Spectacle CEO Jahnae Erpenbach sent a letter to all investors in the company’s Gary casino to ask them if they would submit a comprehensive financial and background information report that is required under the new emergency rule the Indiana Gaming Commission adopted in March.

In her letter, Ms. Erpenbach said that any Spectacle investor, direct or indirect, who fails to submit the required information and apply for a Level 1 occupational license with the state gambling regulator by June 21 will have their shares automatically repurchased by the casino operator, as per the new rule.

Spectacle will repurchase the shares at either their current market price or their original purchase price, whichever of the two is lower.

Some Spectacle Shareholders Challenge New Rule

Seven Spectacle shareholders are challenging the newly adopted rule in an Indianapolis court. It is unknown how many of them have responded to Ms. Erpenbach’s letter and her request to promptly tell Spectacle whether they would apply for a private casino investor license.

However, it is understood that at least one of these investors, Windy City H&C Investors LLC, has filed Ms. Erpenbach’s letter to a Marion County judge to further back its claim that Spectacle and the Indiana gaming watchdog are trying to “squeeze minority investors” out of the state’s casino industry.

Windy City is led by insurance agent Dave Shepherd who said he would not submit his financial and background information to the Gaming Commission because it would take up to 100 hours to complete all the required forms and he believes this is unnecessary as he has no direct involvement in Hard Rock Casino’s gaming operations.

Marion County Superior Judge John Chavis heard arguments from Spectacle shareholders on May 14, the day the Gary casino had its grand opening, and said that he would rule on the matter on June 4. However, the judge recently gave permission to additional documents to be presented to the court and indicated that he would delay his ruling on the case until after June 24 when gaming commissioners are expected to consider the renewal of Hard Rock Casino’s license.

A gambling venue cannot operate in the Indiana market without a proper license.
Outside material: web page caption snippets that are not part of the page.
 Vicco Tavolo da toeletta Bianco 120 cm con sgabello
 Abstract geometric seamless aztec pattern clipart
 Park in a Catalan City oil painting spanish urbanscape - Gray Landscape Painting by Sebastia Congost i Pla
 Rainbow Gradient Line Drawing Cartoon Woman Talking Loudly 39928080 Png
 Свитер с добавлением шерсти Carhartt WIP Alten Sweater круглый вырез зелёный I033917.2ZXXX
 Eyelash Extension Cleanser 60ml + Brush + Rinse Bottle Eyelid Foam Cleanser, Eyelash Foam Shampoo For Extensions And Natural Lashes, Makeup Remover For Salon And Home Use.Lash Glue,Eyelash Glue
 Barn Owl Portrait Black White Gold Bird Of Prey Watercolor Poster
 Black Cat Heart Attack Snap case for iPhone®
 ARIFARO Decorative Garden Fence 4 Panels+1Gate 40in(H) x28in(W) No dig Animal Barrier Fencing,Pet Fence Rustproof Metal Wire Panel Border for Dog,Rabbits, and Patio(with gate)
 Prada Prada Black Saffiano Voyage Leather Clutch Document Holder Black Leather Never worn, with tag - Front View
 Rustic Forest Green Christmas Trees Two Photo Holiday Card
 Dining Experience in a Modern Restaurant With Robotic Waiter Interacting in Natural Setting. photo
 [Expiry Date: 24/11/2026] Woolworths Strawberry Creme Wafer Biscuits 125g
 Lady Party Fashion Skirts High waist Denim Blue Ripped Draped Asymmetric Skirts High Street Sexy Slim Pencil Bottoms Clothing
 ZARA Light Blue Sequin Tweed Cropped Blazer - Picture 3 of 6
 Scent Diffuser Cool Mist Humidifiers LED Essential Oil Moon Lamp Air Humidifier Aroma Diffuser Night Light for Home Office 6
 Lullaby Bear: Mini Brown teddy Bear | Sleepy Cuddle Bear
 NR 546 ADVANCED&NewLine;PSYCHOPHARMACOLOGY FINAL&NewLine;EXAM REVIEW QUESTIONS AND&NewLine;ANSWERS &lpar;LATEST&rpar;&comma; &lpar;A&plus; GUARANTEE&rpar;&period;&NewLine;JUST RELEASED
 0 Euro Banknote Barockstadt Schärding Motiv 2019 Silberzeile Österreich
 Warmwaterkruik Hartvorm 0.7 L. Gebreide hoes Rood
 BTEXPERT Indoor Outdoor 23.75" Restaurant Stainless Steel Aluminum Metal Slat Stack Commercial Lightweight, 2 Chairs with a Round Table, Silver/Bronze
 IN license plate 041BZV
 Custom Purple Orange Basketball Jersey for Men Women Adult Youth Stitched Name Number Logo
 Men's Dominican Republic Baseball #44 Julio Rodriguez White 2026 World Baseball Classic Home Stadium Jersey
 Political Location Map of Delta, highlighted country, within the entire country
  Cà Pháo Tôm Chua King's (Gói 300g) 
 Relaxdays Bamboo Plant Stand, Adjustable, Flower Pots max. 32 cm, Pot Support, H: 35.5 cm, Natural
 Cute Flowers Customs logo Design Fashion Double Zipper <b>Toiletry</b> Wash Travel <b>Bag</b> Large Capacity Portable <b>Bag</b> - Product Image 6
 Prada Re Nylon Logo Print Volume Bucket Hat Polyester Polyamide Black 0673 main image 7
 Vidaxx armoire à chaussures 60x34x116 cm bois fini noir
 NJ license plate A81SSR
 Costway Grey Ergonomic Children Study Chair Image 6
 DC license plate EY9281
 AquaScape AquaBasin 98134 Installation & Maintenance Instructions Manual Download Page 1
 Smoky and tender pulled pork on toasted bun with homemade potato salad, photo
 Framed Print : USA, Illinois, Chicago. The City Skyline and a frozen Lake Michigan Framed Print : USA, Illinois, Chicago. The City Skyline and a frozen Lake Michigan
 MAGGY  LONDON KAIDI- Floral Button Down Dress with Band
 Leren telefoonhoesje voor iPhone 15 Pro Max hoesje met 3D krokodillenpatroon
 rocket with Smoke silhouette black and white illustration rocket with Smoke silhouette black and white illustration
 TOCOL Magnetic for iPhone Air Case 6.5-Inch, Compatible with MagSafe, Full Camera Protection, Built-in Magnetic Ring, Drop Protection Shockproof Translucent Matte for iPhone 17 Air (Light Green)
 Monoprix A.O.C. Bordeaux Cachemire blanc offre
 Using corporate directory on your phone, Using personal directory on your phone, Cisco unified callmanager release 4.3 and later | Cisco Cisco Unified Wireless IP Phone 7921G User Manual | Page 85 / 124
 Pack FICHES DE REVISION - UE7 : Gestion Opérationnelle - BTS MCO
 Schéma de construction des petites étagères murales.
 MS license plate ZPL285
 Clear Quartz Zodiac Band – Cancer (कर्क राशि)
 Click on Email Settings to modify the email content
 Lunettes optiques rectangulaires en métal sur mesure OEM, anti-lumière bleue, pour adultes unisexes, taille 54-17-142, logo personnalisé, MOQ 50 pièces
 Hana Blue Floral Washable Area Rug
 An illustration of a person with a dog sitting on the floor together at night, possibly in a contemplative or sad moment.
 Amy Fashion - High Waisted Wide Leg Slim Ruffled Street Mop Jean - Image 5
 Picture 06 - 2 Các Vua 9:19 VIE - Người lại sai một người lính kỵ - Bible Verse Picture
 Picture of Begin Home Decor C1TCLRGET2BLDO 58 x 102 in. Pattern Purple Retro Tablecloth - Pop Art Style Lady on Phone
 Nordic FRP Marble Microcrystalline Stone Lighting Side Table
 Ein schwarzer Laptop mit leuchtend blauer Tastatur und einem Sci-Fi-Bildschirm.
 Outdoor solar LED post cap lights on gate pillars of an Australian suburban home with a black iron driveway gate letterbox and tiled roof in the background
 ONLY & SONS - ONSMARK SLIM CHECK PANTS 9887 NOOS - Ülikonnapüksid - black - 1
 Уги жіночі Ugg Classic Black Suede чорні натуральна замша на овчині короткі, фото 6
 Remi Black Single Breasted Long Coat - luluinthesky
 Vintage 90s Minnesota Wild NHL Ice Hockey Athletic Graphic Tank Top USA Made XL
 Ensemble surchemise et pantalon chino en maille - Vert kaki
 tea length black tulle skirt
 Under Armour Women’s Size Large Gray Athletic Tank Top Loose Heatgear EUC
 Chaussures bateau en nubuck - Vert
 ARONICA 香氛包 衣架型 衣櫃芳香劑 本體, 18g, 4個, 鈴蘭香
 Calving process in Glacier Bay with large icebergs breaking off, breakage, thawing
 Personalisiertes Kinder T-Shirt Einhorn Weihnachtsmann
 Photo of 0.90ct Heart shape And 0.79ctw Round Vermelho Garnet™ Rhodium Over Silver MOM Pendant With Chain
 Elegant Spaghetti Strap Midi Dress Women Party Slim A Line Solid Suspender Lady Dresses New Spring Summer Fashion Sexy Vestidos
The Gaming Commission said that without its emergency rule, the public’s confidence and trust in the local casino industry may suffer further injury. In relation to the legal complaints against its mandate, the regulator told the court that since early 2020, the state gaming sector has been “the subject of widely reported derogatory information concerning entities in which these plaintiffs hold ownership.”

The Commission went on that the derogatory information of question includes “the federal indictment of a licensed Indiana casino owner and executive, concerning references to another licensed casino owner and executive in court documents, casino ownership transfers hidden from the commission, and undisclosed ties to lobbyists.”

The regulator further noted that any investor’s refusal to provide the necessary information for licensure “creates a blind spot in the commission’s ability to ascertain the nature of casino transactions the associations of casino owners, and the overall suitability to hold ownership interest.”

Hard Rock and Spectacle’s Gary casino and their soon-to-be-developed venue in Terre Haute are the only two gaming properties in the state that are subject to the Commission’s investor integrity rule because they are owned by private companies. The license of the Terre Haute casino is too up for consideration by the Indiana gaming regulator.